Cordialmente G. M. – operatore P. L. Avigliano (PZ)
Risposta
In primo luogo, si condivide la considerazione che gli operatori in argomento non svolgono attività occasionale o discontinua, atteso che essi presentano richiesta di posteggio per le diverse manifestazioni che si tengono sul territorio e, pertanto, sono soggetti alla legislazione sulla disciplina del commercio, per le motivazioni di seguito indicate.
Per la vendita o esposizione delle proprie opere d’arte o dell’ingegno non trova applicazione il D. Lgs. 114/98, ai sensi dell’art. 4, comma 2, lett. h) dello stesso decreto e, pertanto, se gli operatori chiedessero di esporre o vendere tali opere, il Comune si dovrebbe limitare a rilasciare il permesso di occupazione suolo pubblico, se lo ritiene opportuno e se ne sussistono le condizioni.
Ma, per gli esempi citati nel quesito (bigiotteria in fimo, pietre dure, ricami a mano, oggettistica realizzata a mano etc..), ritengo trattasi di prodotti artigianali e, quindi, gli operatori dovrebbero essere in possesso di iscrizione all’albo delle imprese artigiane.
Anche in questo caso non si applica il D. Lgs. 114/98, ai sensi dell’art. 4, comma 2, lett. f) ma la normativa specifica sull’artigianato.
Si evidenzia però che, ai sensi dell’art. 5 della legge 8 agosto 1985, n. 443 (Legge quadro per l’artigianato), detti operatori possono vendere i propri prodotti solo nel luogo di produzione.
Orbene, poiché l’art.3, comma 3, della stessa legge stabilisce che “l’impresa artigianapuò svolgersi in luogo fisso, presso l’abitazione dell’imprenditore o di uno dei soci o in appositi
locali o in altra sede designata dal committente oppure in forma ambulante o di posteggio”, se gli operatori artigiani producono i loro oggetti nell’area di vendita assegnata, ritengo che potranno venderli direttamente agli acquirenti, fatti salvi gli obblighi fiscali conseguenti.

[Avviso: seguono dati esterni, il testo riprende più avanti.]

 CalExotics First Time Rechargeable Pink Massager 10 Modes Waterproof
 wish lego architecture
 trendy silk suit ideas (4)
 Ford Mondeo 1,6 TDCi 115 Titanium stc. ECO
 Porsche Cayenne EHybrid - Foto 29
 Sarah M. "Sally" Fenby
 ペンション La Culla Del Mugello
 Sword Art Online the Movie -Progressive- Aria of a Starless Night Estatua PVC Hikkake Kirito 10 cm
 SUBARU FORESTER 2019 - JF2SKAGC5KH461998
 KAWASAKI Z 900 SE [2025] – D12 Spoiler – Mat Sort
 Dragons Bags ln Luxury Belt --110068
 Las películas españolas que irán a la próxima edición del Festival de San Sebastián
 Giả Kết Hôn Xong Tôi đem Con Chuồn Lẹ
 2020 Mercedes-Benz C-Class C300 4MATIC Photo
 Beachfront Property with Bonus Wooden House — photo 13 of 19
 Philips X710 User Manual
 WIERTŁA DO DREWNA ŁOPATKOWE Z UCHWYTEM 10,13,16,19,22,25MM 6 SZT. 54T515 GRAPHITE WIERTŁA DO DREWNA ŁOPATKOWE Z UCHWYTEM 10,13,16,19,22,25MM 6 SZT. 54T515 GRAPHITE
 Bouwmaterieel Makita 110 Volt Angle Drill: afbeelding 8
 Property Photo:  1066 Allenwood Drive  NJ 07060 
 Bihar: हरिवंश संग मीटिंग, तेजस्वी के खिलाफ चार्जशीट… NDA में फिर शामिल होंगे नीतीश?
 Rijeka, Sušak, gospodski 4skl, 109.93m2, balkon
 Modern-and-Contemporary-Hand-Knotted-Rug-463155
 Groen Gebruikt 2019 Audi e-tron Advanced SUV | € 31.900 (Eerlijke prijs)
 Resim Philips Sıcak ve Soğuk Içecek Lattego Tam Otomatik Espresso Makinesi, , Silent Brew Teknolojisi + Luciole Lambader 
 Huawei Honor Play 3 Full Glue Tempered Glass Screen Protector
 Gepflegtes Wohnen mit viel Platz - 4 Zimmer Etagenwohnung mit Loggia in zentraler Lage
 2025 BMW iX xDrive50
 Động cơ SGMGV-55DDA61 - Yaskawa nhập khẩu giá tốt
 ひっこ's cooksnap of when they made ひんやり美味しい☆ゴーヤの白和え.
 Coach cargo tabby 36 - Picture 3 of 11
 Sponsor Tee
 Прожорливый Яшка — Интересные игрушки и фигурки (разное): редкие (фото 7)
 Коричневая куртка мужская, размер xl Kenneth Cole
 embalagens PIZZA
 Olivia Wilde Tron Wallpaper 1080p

Anche in questa ipotesi, il Comune si dovrebbe limitare a rilasciare il permesso di occupazione suolo pubblico, se lo ritiene opportuno e se ne sussistono le condizioni
Qualora gli stessi operatori non sono iscritti nell’albo delle imprese artigiane, ovvero non li producono sul luogo di vendita, o ancora vendono oggetti di altrui produzione, per esercitare l’attività, dovranno munirsi di titoli autorizzativi (autorizzazione commerciale ovvero, laddove è consentita, Scia) per il commercio su aree pubbliche in forma itinerante, con richiesta di assegnazione di suolo pubblico.